▸ **TASK STATEMENT**:
Restate word for word all of the lines below, with each image left out.

▸ **DATASET CONTENT**:

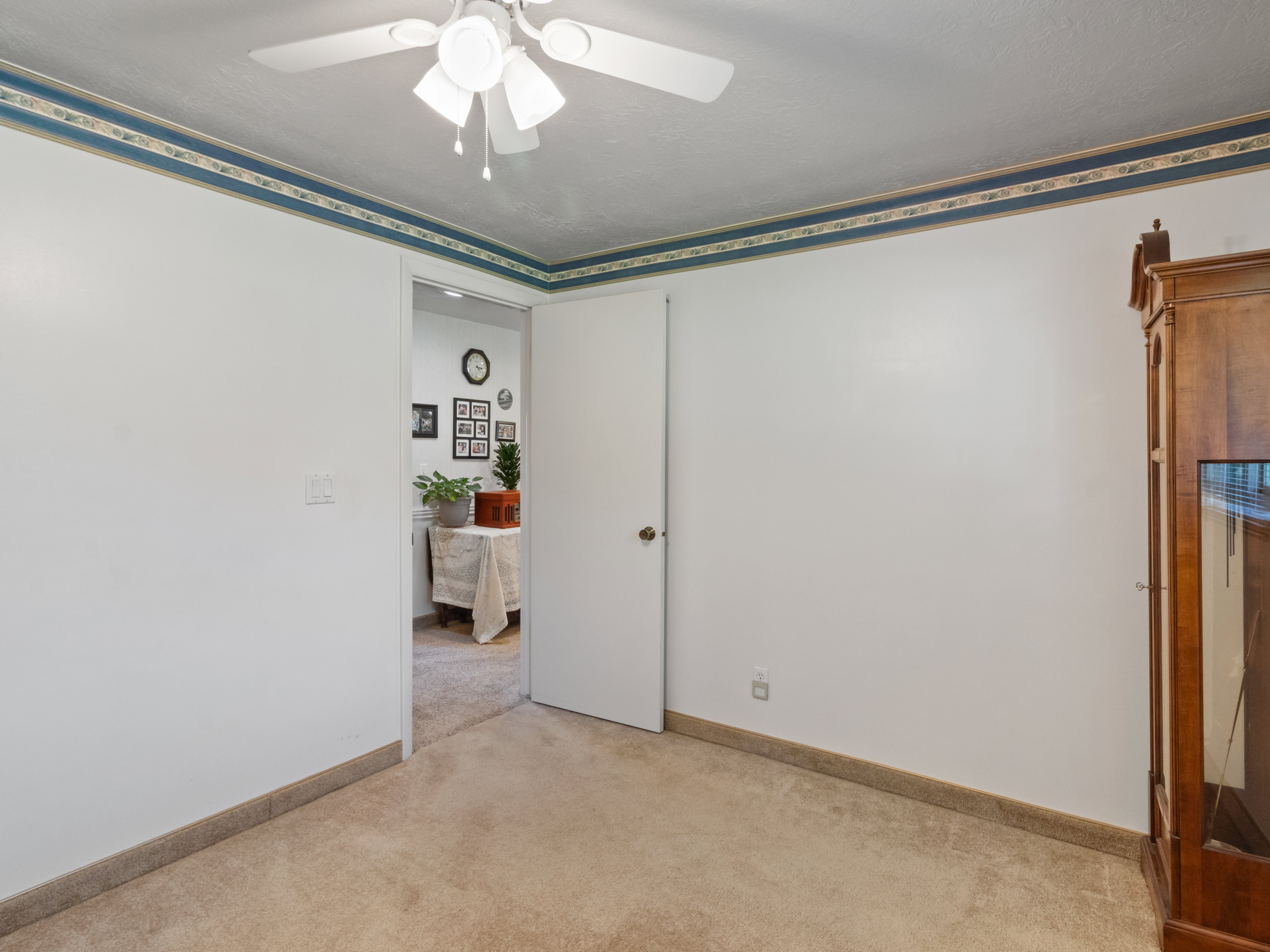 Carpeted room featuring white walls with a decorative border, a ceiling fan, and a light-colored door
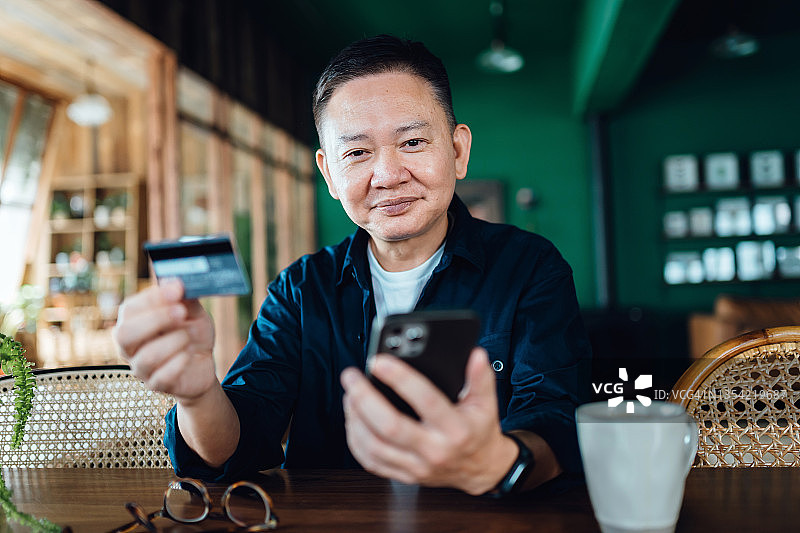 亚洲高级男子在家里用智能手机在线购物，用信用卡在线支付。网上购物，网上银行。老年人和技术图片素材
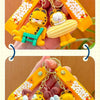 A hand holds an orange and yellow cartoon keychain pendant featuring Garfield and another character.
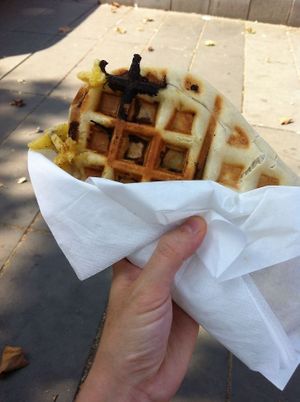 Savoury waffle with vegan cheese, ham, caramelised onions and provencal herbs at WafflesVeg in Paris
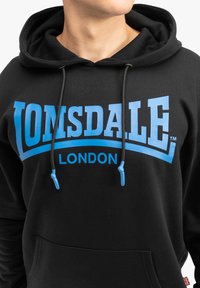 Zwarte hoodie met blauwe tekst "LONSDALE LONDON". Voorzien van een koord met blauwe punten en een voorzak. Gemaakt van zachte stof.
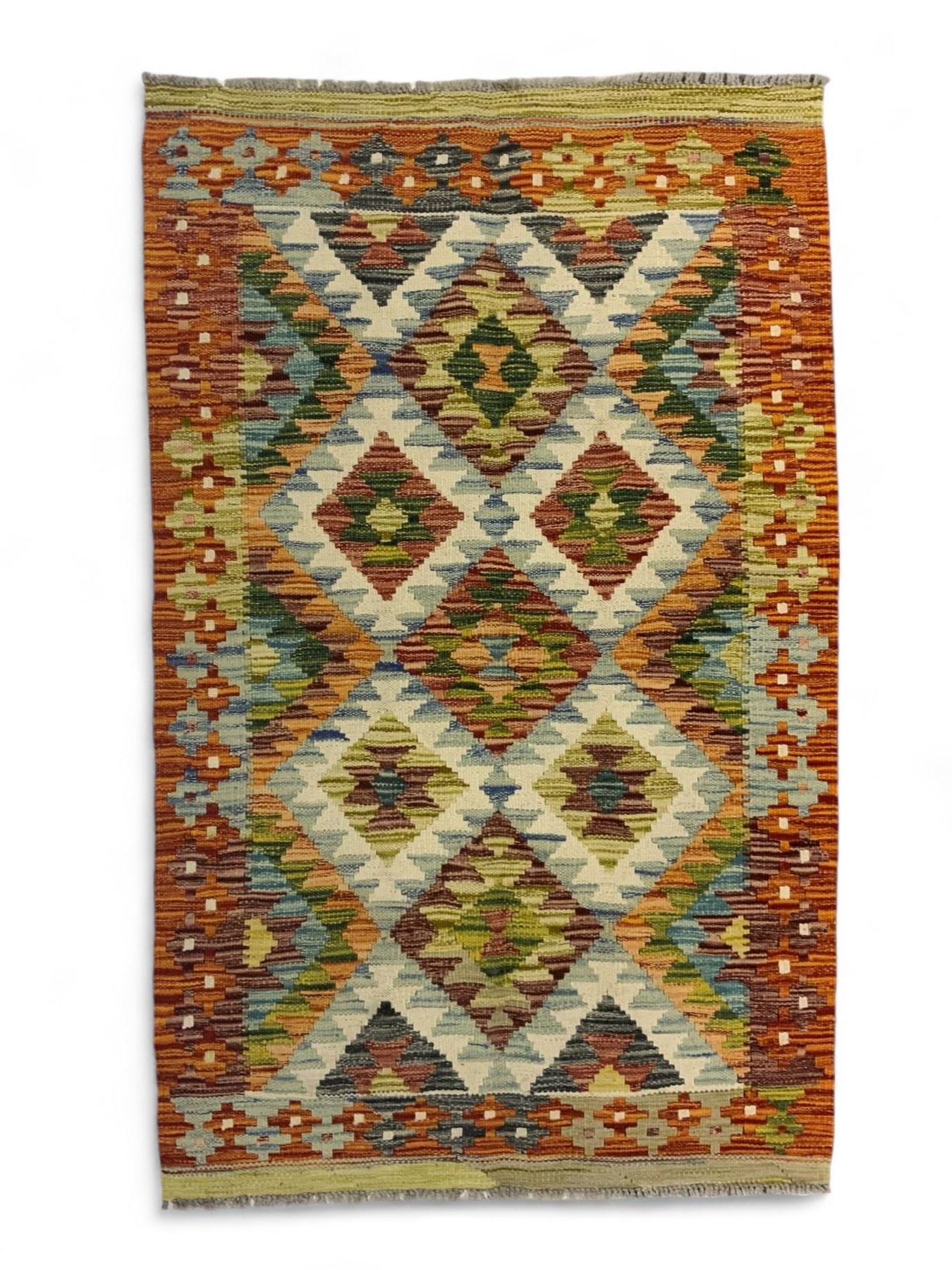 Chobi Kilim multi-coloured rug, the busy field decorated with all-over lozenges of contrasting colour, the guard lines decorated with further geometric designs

▸ **SOLVED EXERCISE**:
 Carpeted room featuring white walls with a decorative border, a ceiling fan, and a light-colored door
 亚洲高级男子在家里用智能手机在线购物，用信用卡在线支付。网上购物，网上银行。老年人和技术图片素材
 A hand holds an orange and yellow cartoon keychain pendant featuring Garfield and another character.
 Savoury waffle with vegan cheese, ham, caramelised onions and provencal herbs at WafflesVeg in Paris
 Zwarte hoodie met blauwe tekst "LONSDALE LONDON". Voorzien van een koord met blauwe punten en een voorzak. Gemaakt van zachte stof.
 Chobi Kilim multi-coloured rug, the busy field decorated with all-over lozenges of contrasting colour, the guard lines decorated with further geometric designs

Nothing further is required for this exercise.